Any boss who sacks anyone for mourning today is a bum!
May 16, 2019 1:15 PM   Subscribe

RIP Bob Hawke - the longest-serving Labor prime minister of Australia has died at the age of 89.

Hawke was incredibly popular, leading the Australian Labor Party to victory in four successive federal elections. During his time as a Rhodes scholar at Oxford, Hawke entered the Guiness Book of Records for scullng 2.5 pints of beer in 11 seconds. In his memoirs Hawke wrote, "this feat was to endear me to some of my fellow Australians, more than anything else I ever achieved".

But Bob Hawke achieved much in politics that helped endear him to Australians.

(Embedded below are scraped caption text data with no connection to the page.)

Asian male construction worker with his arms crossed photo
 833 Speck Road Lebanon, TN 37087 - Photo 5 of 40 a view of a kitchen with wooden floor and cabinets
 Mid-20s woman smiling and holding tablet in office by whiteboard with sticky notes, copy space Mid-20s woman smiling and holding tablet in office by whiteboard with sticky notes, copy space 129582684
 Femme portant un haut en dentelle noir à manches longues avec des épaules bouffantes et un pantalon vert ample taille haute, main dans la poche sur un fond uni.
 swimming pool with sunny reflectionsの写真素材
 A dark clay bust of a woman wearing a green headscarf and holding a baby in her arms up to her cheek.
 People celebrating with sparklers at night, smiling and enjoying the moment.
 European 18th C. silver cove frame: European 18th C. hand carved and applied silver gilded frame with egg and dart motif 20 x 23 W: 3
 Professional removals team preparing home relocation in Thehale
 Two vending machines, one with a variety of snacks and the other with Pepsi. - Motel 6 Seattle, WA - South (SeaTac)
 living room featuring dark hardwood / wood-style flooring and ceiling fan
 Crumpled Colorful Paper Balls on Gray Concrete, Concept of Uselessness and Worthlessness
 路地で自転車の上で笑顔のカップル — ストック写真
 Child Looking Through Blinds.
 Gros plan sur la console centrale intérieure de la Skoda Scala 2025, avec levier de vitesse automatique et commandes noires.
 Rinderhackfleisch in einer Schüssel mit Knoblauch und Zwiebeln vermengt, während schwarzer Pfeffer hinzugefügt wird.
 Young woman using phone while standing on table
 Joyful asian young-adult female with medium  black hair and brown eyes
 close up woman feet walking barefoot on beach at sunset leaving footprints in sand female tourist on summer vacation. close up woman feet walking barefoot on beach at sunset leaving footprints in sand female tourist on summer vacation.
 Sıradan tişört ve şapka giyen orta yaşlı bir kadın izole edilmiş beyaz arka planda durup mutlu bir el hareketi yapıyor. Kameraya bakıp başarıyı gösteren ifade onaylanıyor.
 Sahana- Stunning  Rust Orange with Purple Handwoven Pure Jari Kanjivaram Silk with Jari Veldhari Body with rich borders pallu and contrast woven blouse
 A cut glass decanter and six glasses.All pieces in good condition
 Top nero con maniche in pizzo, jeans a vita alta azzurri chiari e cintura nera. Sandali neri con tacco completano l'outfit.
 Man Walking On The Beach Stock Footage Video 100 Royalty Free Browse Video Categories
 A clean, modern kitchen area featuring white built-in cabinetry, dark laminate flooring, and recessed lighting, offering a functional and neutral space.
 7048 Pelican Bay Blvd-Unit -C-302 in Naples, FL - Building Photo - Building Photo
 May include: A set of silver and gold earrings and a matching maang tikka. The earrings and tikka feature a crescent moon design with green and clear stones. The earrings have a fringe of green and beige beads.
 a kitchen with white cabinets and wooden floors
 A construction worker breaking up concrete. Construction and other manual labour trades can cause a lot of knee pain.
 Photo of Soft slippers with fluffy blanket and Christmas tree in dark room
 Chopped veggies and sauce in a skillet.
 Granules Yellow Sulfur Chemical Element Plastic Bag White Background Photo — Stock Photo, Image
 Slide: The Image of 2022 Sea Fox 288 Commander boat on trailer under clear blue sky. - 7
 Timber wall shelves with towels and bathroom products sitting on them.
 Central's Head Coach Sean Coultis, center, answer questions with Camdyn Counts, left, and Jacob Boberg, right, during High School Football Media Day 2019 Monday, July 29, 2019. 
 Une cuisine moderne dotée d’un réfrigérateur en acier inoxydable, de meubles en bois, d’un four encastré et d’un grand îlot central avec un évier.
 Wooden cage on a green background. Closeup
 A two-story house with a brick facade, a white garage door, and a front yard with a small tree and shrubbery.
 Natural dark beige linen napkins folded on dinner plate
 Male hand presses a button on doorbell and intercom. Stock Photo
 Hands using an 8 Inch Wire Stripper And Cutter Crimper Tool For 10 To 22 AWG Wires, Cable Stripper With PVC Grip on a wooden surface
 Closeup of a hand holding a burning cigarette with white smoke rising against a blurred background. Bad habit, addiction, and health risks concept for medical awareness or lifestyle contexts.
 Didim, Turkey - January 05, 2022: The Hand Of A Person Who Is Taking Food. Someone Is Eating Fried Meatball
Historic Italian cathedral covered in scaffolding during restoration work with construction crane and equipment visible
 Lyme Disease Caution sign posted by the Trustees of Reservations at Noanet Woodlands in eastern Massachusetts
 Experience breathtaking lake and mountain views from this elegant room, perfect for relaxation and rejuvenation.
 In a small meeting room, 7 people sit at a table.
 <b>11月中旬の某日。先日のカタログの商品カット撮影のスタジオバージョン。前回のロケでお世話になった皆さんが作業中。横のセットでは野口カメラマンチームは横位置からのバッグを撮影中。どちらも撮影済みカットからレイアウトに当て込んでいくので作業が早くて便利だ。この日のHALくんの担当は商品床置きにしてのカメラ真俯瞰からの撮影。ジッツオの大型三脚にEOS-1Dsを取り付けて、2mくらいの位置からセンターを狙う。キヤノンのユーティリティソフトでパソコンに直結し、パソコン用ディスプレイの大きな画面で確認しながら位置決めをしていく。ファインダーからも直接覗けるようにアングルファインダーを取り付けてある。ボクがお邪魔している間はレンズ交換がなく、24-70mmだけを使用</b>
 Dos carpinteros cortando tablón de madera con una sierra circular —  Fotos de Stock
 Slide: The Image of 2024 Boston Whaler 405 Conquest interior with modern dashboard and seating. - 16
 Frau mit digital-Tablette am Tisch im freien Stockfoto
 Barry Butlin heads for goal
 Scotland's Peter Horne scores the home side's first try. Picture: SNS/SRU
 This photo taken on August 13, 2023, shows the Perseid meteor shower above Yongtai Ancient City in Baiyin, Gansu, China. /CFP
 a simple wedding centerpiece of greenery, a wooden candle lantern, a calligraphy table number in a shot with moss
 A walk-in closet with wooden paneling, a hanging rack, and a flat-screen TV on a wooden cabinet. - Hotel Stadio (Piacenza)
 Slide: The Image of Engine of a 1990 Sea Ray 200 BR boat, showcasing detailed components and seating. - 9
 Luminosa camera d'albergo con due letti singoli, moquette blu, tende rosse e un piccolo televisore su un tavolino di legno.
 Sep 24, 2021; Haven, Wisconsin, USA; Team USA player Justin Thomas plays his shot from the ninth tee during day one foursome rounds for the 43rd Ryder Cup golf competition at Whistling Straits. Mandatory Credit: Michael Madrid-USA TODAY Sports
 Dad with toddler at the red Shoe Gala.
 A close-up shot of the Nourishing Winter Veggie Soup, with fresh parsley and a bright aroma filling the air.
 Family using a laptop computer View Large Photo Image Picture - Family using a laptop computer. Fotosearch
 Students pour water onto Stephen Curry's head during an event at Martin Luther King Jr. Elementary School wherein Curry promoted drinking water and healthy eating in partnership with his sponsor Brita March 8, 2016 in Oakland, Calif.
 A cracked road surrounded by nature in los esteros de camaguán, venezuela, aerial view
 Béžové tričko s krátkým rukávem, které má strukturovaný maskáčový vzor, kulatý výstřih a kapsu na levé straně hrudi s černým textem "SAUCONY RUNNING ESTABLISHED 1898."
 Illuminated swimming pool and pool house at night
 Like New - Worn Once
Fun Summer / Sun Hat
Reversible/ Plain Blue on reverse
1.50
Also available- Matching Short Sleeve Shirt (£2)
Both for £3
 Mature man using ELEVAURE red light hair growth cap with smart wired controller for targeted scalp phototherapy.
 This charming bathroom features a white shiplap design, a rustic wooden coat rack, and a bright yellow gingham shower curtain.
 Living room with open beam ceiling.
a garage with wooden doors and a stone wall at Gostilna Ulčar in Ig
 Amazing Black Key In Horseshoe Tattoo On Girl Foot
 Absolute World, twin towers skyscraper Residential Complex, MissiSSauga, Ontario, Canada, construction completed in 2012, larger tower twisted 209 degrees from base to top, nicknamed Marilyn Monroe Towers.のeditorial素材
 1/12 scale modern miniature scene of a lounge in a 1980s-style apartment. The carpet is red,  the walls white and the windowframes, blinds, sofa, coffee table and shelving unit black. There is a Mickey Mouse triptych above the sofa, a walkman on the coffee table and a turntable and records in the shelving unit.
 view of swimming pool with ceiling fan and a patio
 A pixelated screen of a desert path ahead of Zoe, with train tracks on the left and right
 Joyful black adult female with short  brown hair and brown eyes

His government reintroduced universal healthcare, brought in a program of sweeping economic reforms, applied crucial pressure on apartheid South Africa, stepped up environmental protection, and - as the former head of the trade unions - reached an accord on industrial relations.

He served as PM from 1983 until 1991, when he lost an internal party room vote to his long-time political partner and rival Paul Keating. The story of their rivalry, and the story of their ups an downs in government is told compellingly in the Australian Broadcasting Corporation series Labor in Power. All five episodes are available on YouTube.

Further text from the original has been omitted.